Taking this a step further, some file systems include the ability to set per-user limits (often known as disk quotas) on the amount of disk space that can be consumed. The specifics vary from file system to file system, but in general each user can be assigned a specific amount of storage that a user can use. Beyond that, various file systems differ. Some file systems permit the user to exceed their limit for one time only, while others implement a "grace period" during which a second, higher limit is applied.

5.5.3. Directory Structure

Many system administrators give little thought to how the storage they make available to users today is actually going to be used tomorrow. However, a bit of thought spent on this matter before handing over the storage to users can save a great deal of unnecessary effort later on.

The main thing that system administrators can do is to use directories and subdirectories to structure the storage available in an understandable way. There are several benefits to this approach:

By enforcing some level of structure on your storage, it can be more easily understood. For example, consider a large mult-user system. Instead of placing all user directories in one large directory, it might make sense to use subdirectories that mirror your organization's structure. In this way, people that work in accounting have their directories under a directory named accounting, people that work in engineering would have their directories under engineering, and so on.

The benefits of such an approach are that it would be easier on a day-to-day basis to keep track of the storage needs (and usage) for each part of your organization. Obtaining a listing of the files used by everyone in human resources is straightforward. Backing up all the files used by the legal department is easy.

With the appropriate structure, flexibility is increased. To continue using the previous example, assume for a moment that the engineering department is due to take on several large new projects. Because of this, many new engineers are to be hired in the near future. However, there is currently not enough free storage available to support the expected additions to engineering.

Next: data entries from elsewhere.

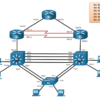 CCNP Enterprise 8.0: (1) Core Networking - Image 4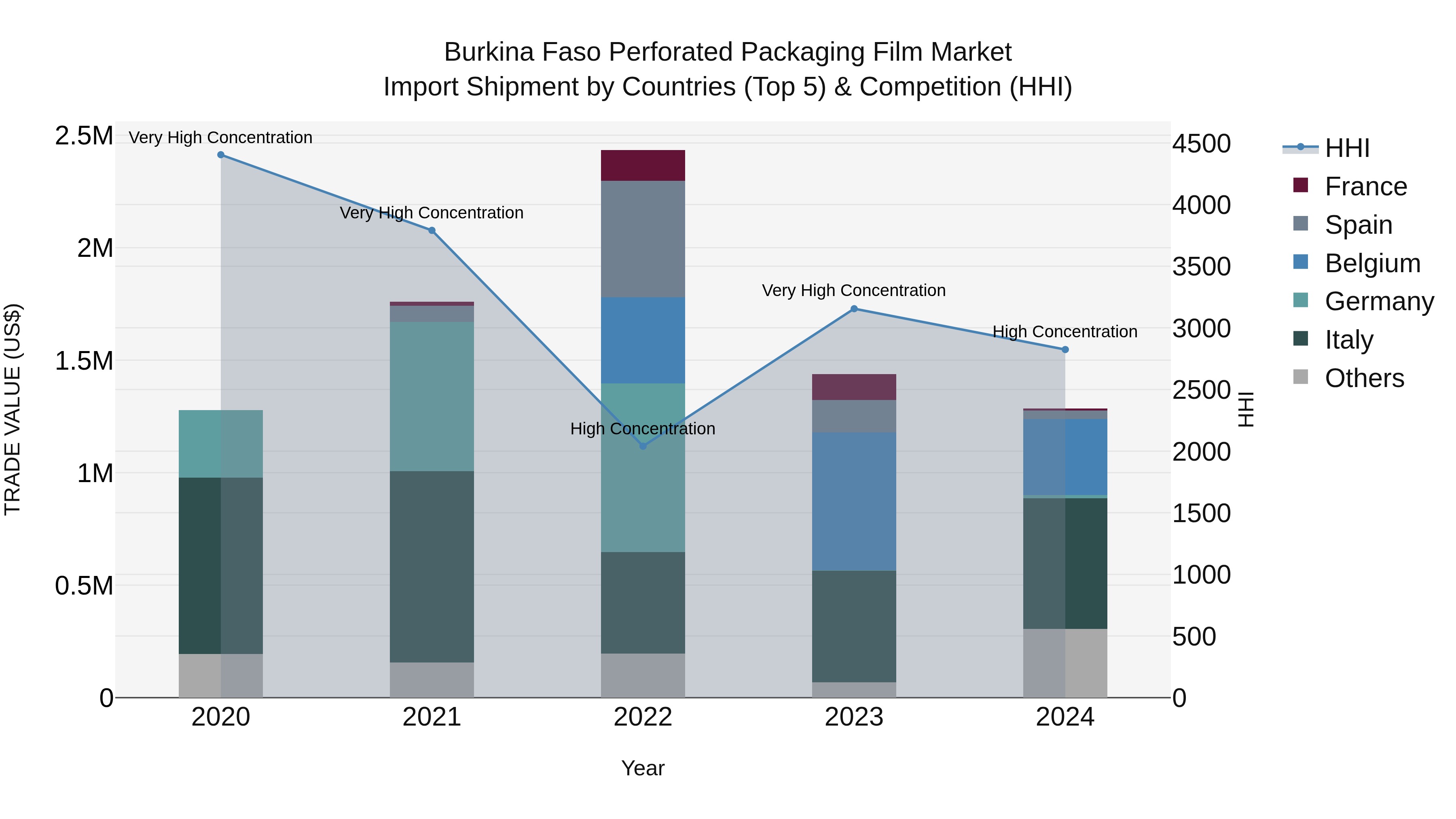 Burkina Faso Perforated Packaging Film Market Top 5 Importing Countries and Market Competition (HHI) Analysis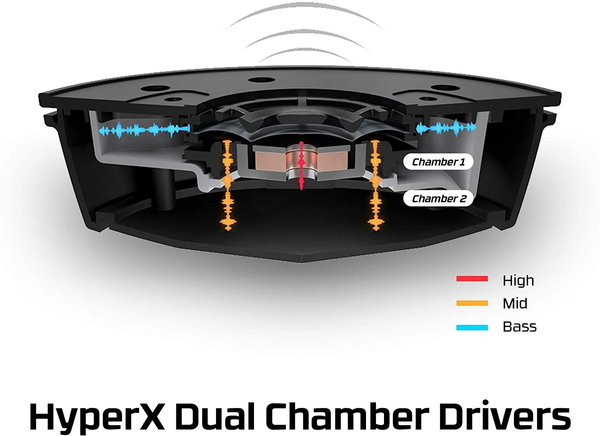 TAI NGHE HYPERX CLOUD ALPHA S BLACK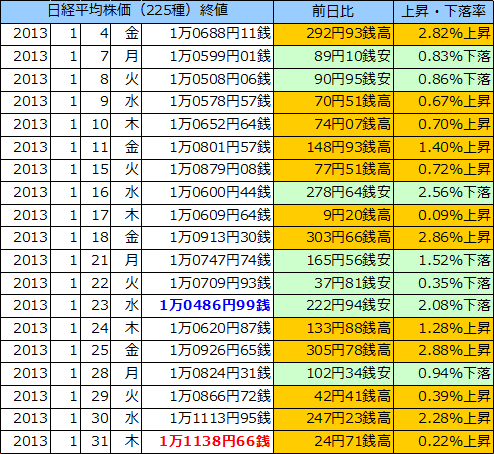 日経平均株価（225種）の表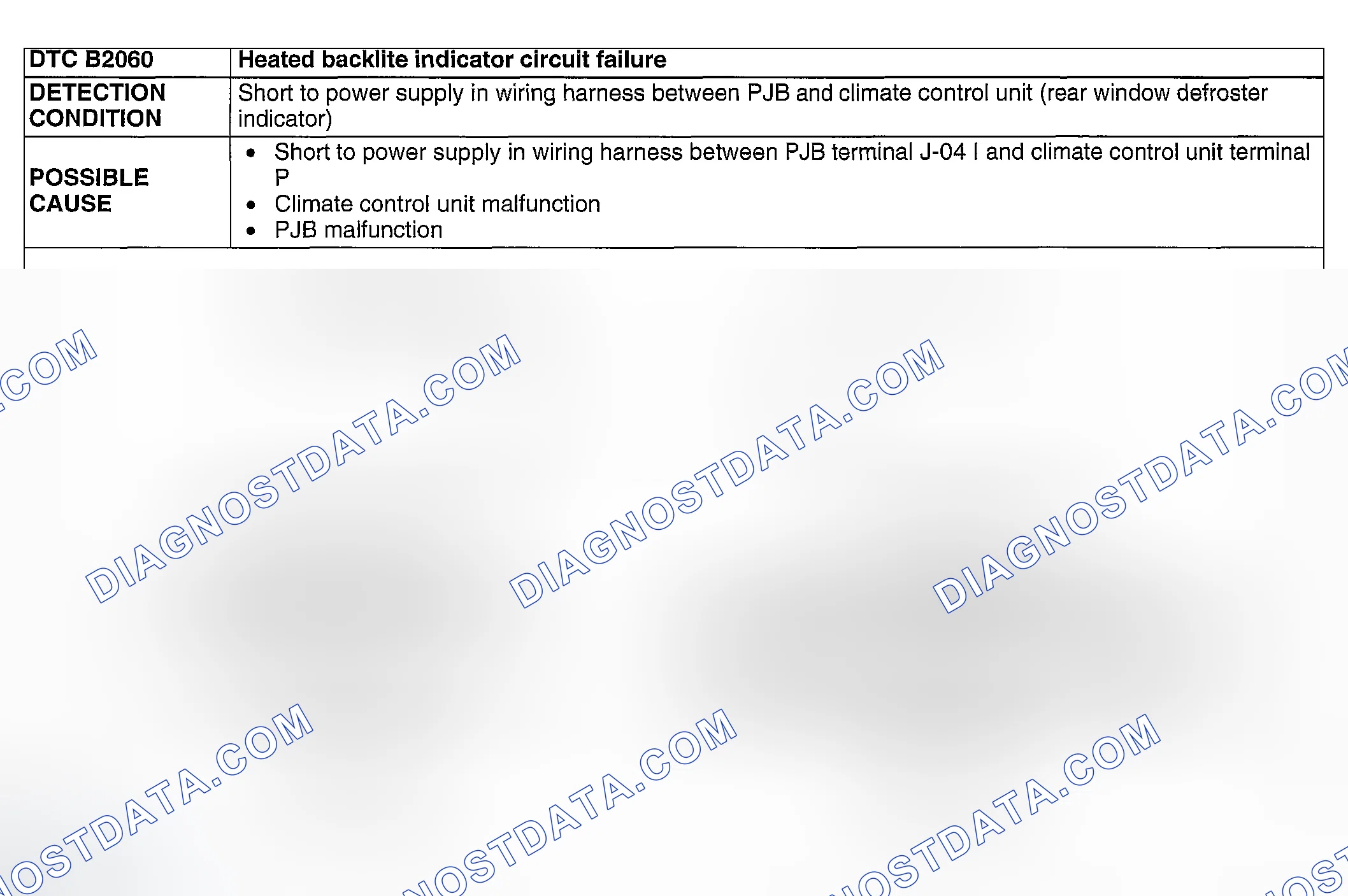 Scheme 70: DTC B2060: HEATED BACKLITE INDICATOR CIRCUIT FAILURE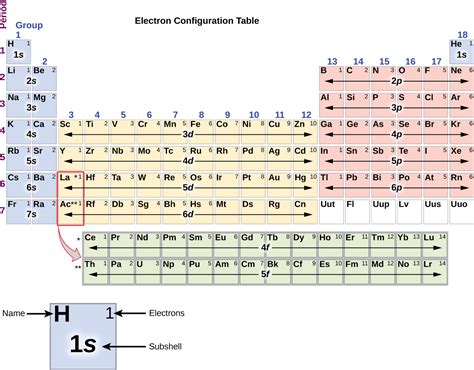 Orbital Diagram For Chromium - exatin.info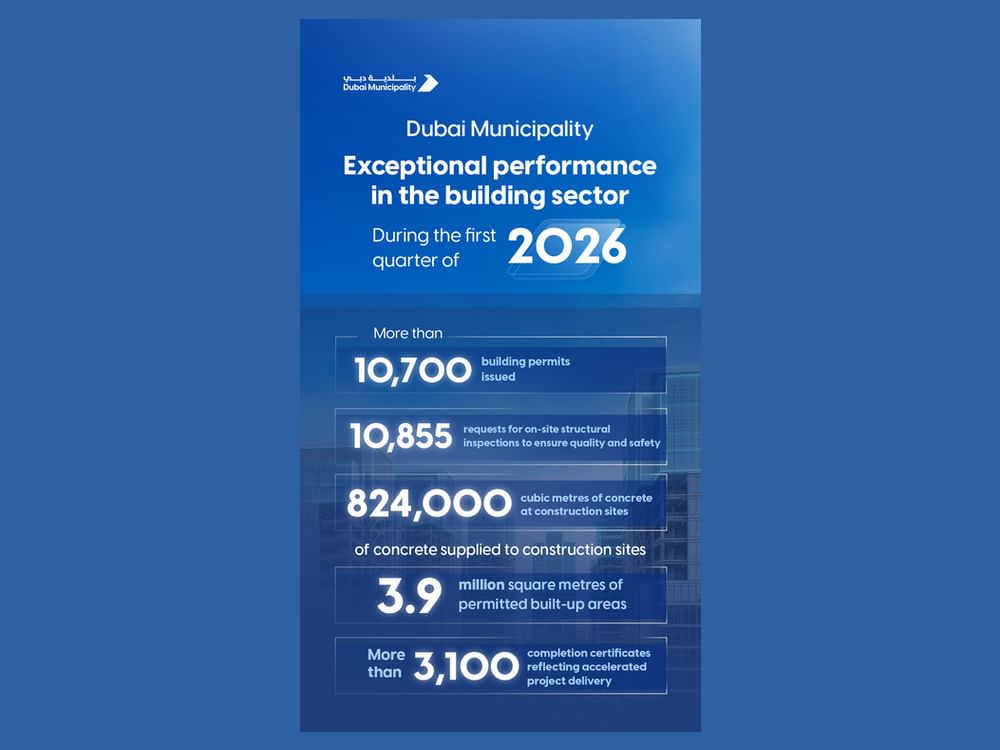 Dubai records strong performance in construction sector with more than 10,700 building permits issued in Q1/26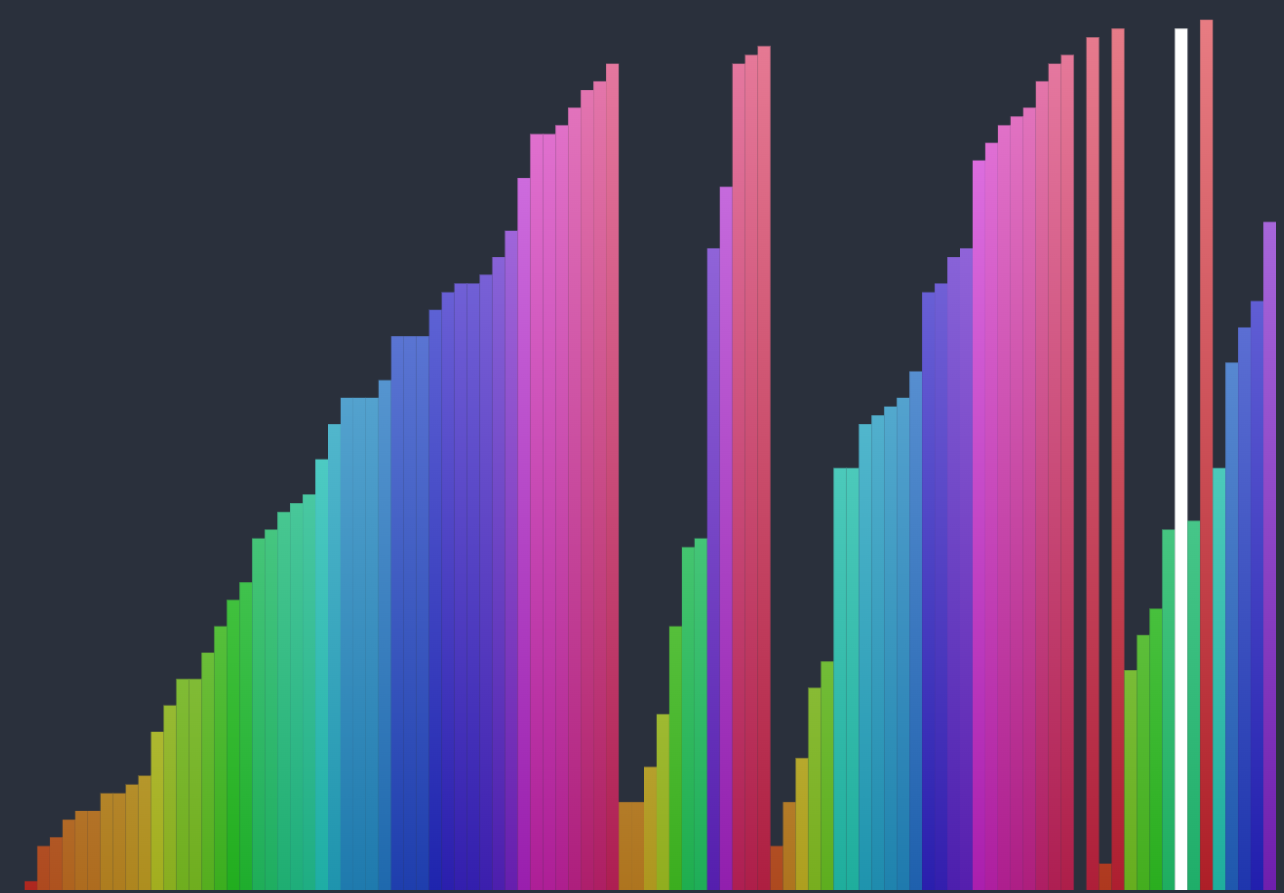 Sorting Algorithm Visualizer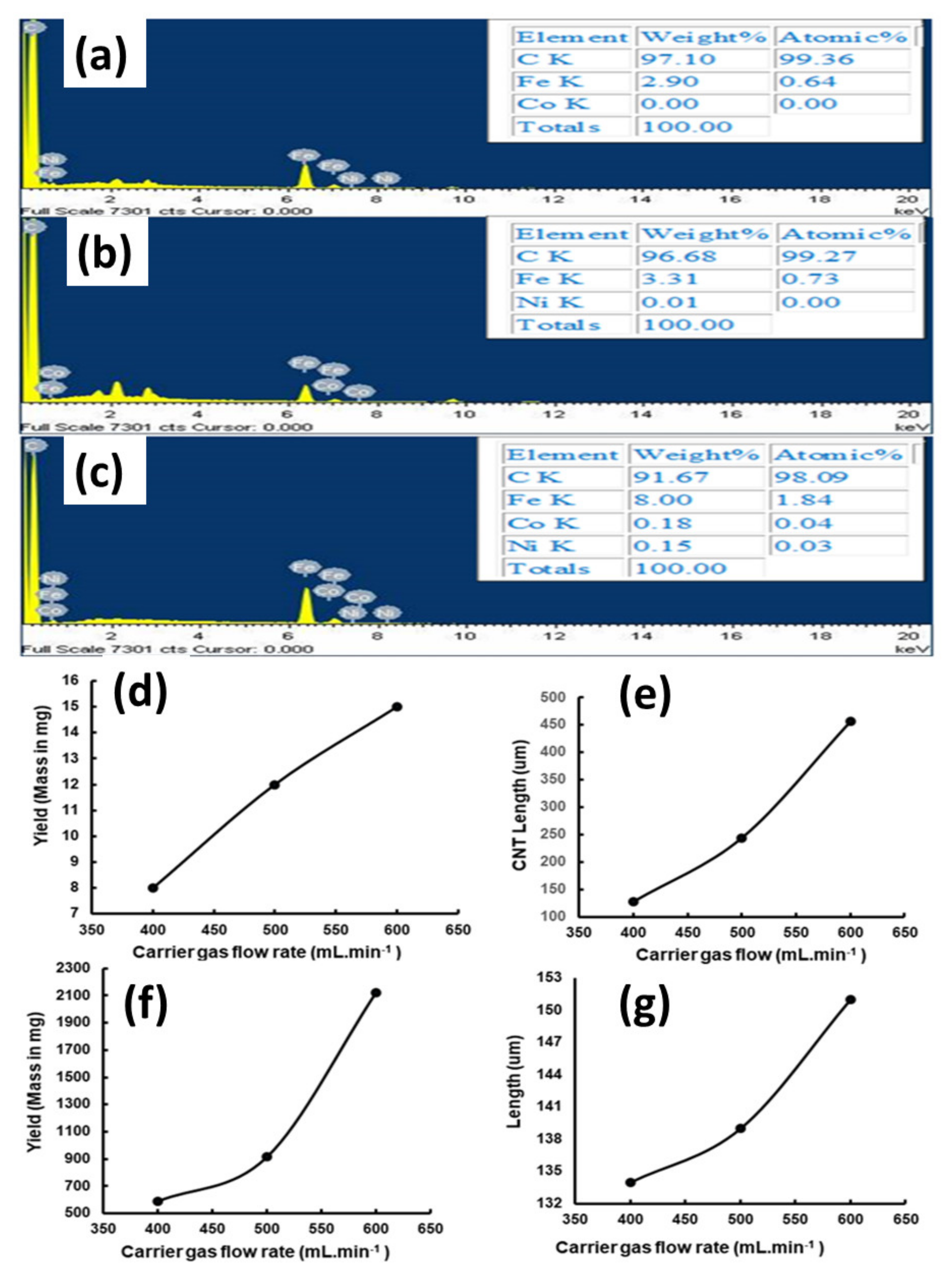 IJMS | Free Full-Text | Functionalized, Vertically Super-Aligned ...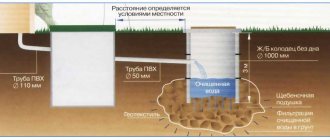 Sewer rings for drainage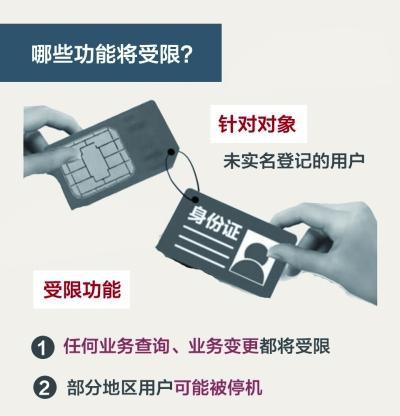 手机实名制 是加强监管还是泄漏隐私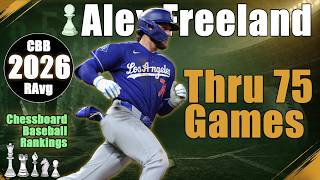 Alex Freeland Through 75 Games (Dodgers) | Chessboard Baseball Analysis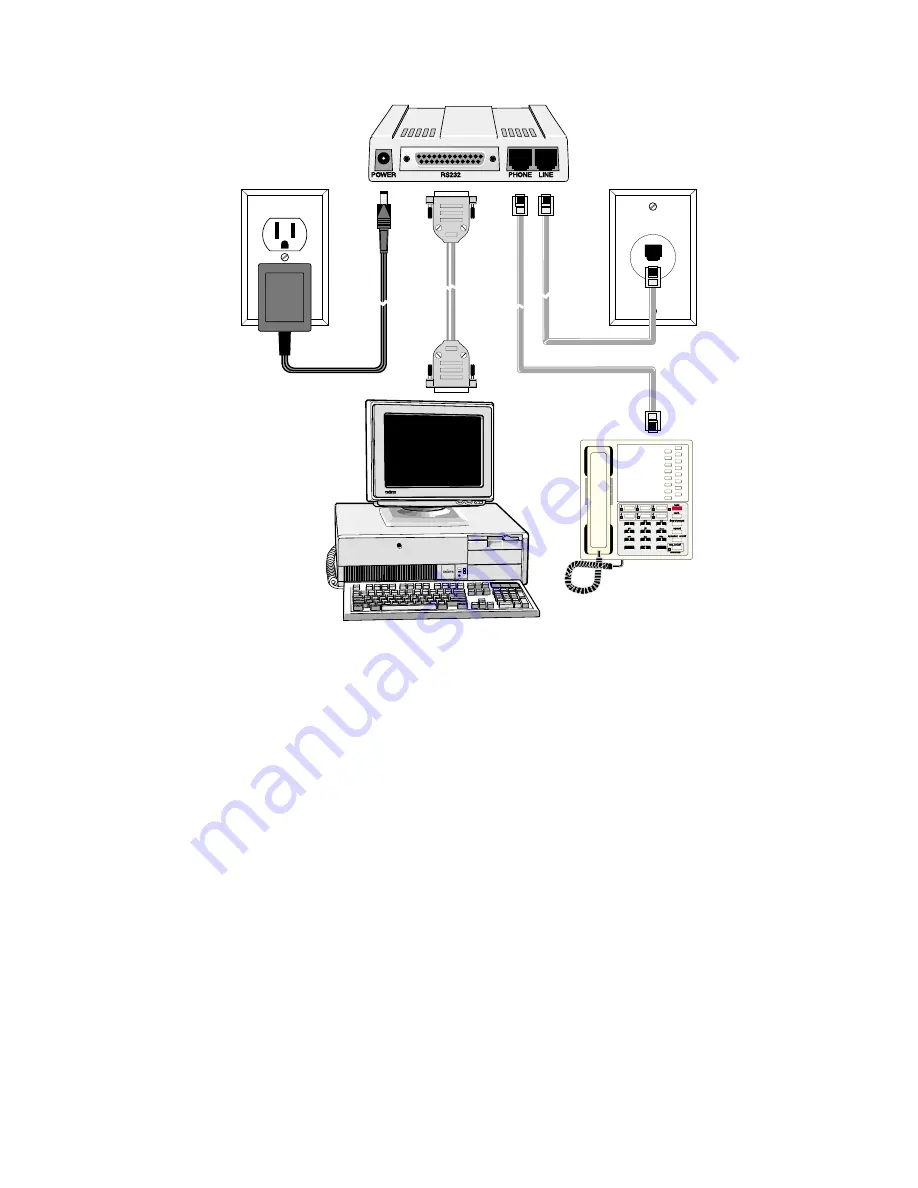 Multitech MultiModem MT5600ZDXV Скачать руководство пользователя страница 15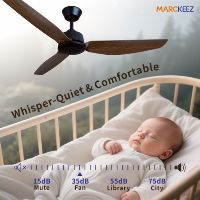 Ventilateur de plafond commercial Marckeez 220V, pales en plastique, 52 pouces, moteur BLDC, commande murale, ventilateur de plafond à économie d'énergie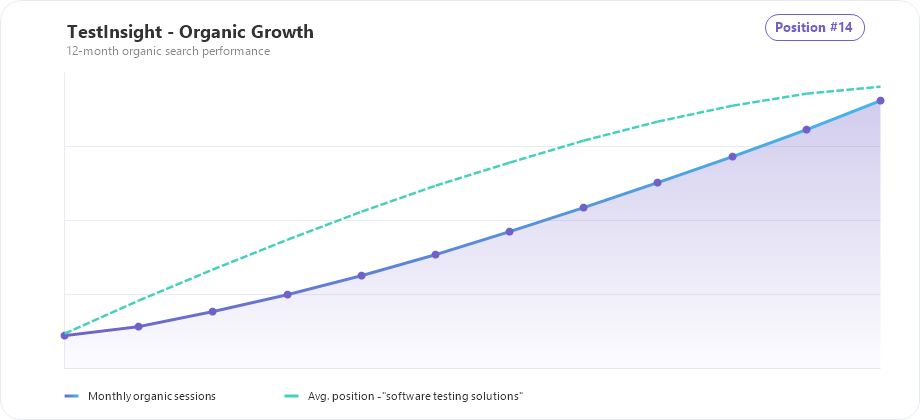 TestInsight organic traffic and ranking growth chart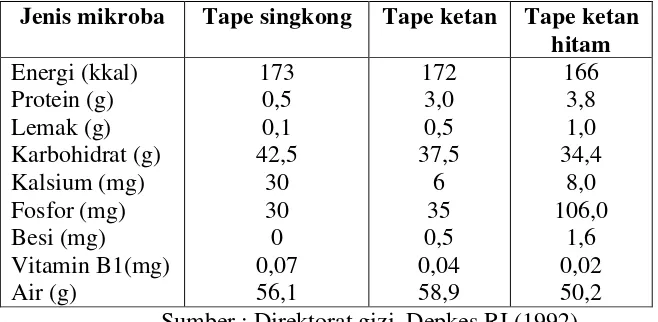 Tabel 2.5 Komposisi gizi tape singkong, tape ketan putih, tape ketan 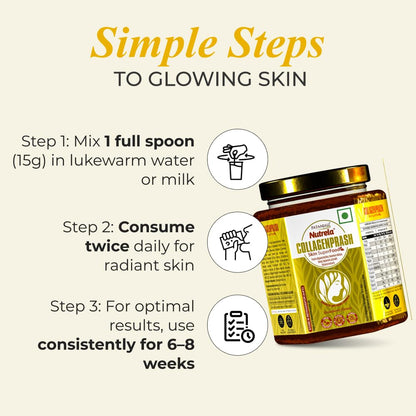 Nutrela Collagen Prash Supplement for Glowing & Younger Looking Skin - 400g | Patanjali Collagen Builder Skin Super Food for Men & Women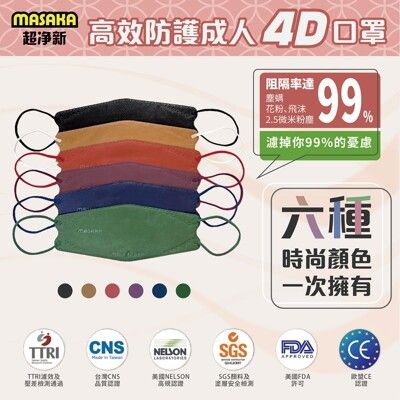 【MASAKA】台灣製成人立體4D口罩(可挑色) 　關心流感、pm2.5、防疫也要美麗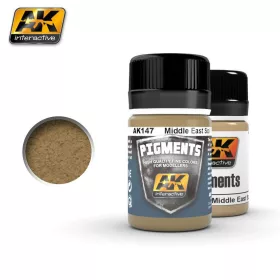 Middle east soil pigment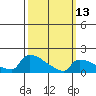 Hartford tide chart for Monday, March 13, 2023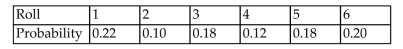 <strong>The below table shows the probabilities generated by rolling one die 50 times and noting the up face. What isthe probability of getting an odd up face?  </strong> A) 0.58 B) 0.42 C) 0.50 D) 0.55 <div style=padding-top: 35px> 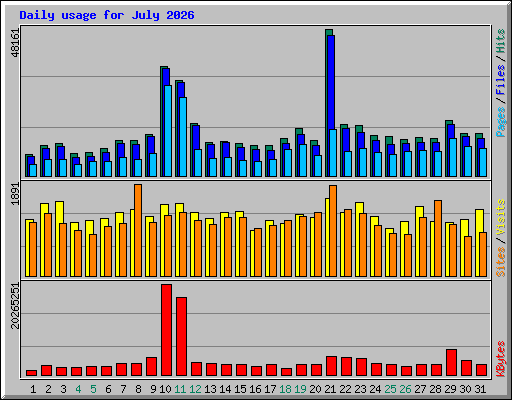 Daily usage for July 2026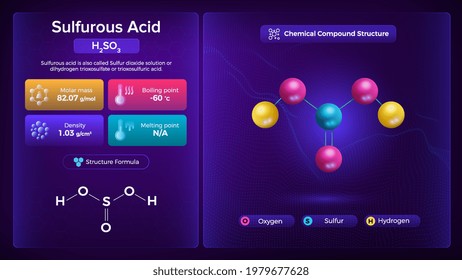 Sulfurous Acid Properties and Chemical Compound Structure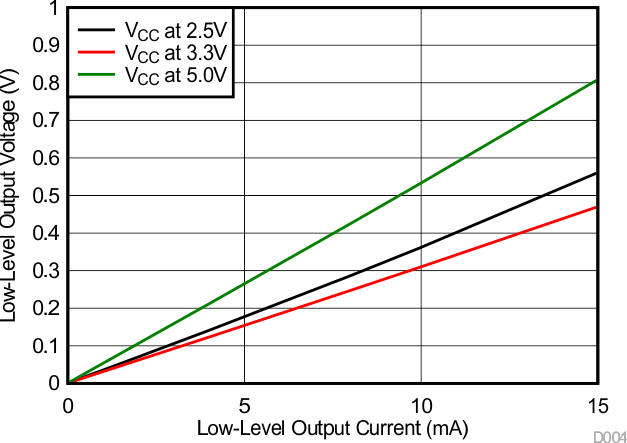 ISO7842 ISO7842F 低电平输出电压与低电平输出电流间的关系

However, since every person in engineering has their files stored under the engineering directory, it would be a straightforward process to:

Of course, such an approach does have its shortcomings. For example, if people frequently move between departments, you must have a way of being informed of such transfers, and you must modify the directory structure appropriately. Otherwise, the structure no longer reflects reality, which makes more work — not less — for you in the long run.

5.5.4. Enabling Storage Access

Once a mass storage device has been properly partitioned, and a file system written to it, the storage is available for general use.

For some operating systems, this is true; as soon as the operating system detects the new mass storage device, it can be formatted by the system administrator and may be accessed immediately with no additional effort.

Other operating systems require an additional step. This step — often referred to as mounting — directs the operating system as to how the storage may be accessed. Mounting storage normally is done via a special utility program or command, and requires that the mass storage device (and possibly the partition as well) be explicitly identified.